Like the Olympics, HS2 will use collaborative contracts, something Oakervee sees as complementary to the BIM process.”When you mention the word collaborative contracts, people think it’s just a nice cosy arrangement but it isn’t,” he says. “It allows intellectual challenge to benefit the works but also involves adequate compensation.”
All too often he says the industry is adversarial. “[It’s a case of] ‘we haven’t priced this job, boys, how are we going to claim it back?’ And the engineers are like, ‘How are we going to stop these buggers?’,” he says.
BIM will also allow much of the construction to be done off site - a method Oakervee clearly sees as key to the project’s success. He has experience of using off-site construction extensively on Hong Kong International Airport, where, he explains, much of the concrete work was made in factories in China and brought in on barges. “Parts of it were built on the barges as it came down,” he says. Plus, the steel work for the project was all made off site in Bolton and Singapore.

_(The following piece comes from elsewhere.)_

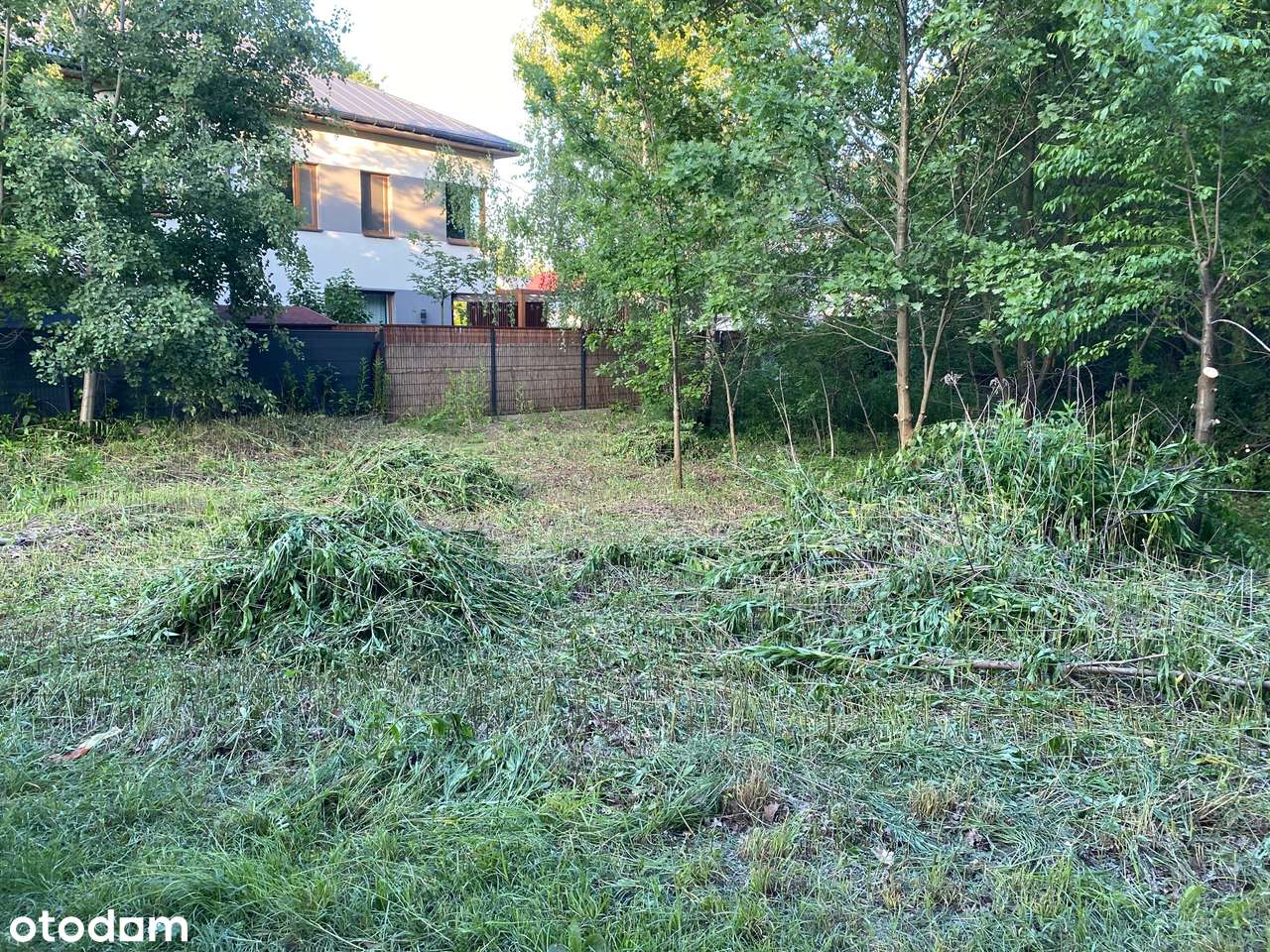 Działka WAWER - ALEKSANDRÓW ul. Zagórzańska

Oakervee lists a number of advantages connected with off-site construction, including improvements to safety, quality and cost-effectiveness. It also reduces disruption for the public on the route of the railway and cuts the numbers of workers actually needed on site.
He says: “You can plan earlier. If you are pre-manufacturing you can start work earlier and cut out the peaks [of work] that you sometimes get on these projects.”
He points out that this also means the construction work can be undertaken by firms all over the country, because they will not need to be in close proximity to the line to have a role to play. Perhaps more importantly, it will create a capability in the industry to build big infrastructure off site, which he says will be the legacy of HS2.
However, Oakervee is clear that off-site construction does not necessarily mean overseas construction. Getting that work into the hands of British people will be a concern for politicians and its one that Oakervee shares saying he intends to make sure local employment is written into procurement contracts “as much as EU regulation will allow”. He adds that this may put UK firms at an advantage if they already have a sizeable UK workforce in place.
Oakervee is also confident the UK industry is now much more reliable when it comes to building projects on time and on budget. He says past instances of construction budgets ballooning as projects progress, as happened on the ill-fated Wembley stadium project, are usually because clients don’t freeze the scope of the project before construction begins.
Minor disruptions to service
It then seems a little odd that when asked how much the latest revisions to the design of the route, which added 55% more tunnelling, have added to the budget, Oakervee concedes he doesn’t yet know. But he insists it will all be affordable within the overall £32bn envelope. Several times throughout our interview he repeats that there is no way the £32bn budget can be increased, no matter what changes the government makes to the route - including the prospect of a link to Heathrow, to be built during the second phase, which estimates put at £1.9bn.
“All the time we have a high level of value engineering going on,” he says. “So it’s incumbent upon me to keep this within the originally stated budget and it will be. Hopefully I’ll be able to hand back some change at the end of it all.” He jokes that he doesn’t want to be outdone by Olympic Delivery Authority chair John Armitt who delivered the Games’ construction more than £1bn under budget.
HS2 may be a big train set but it’s clear Oakervee doesn’t think the project is just a game. He passionately believes the project will benefit the nation’s economy, the construction industry and the local people along the route. It’s that conviction that proved enough to draw him out of retirement. Getting the biggest rail project in Britain built, despite vocal opposition and a disputed business case, is a challenge that Oakervee clearly relishes.
Will this then be his last project? “He’ll probably be the determiner of that,” he says pointing to the sky. You can’t help but think the model steam trains will remain packed in their boxes for some time yet.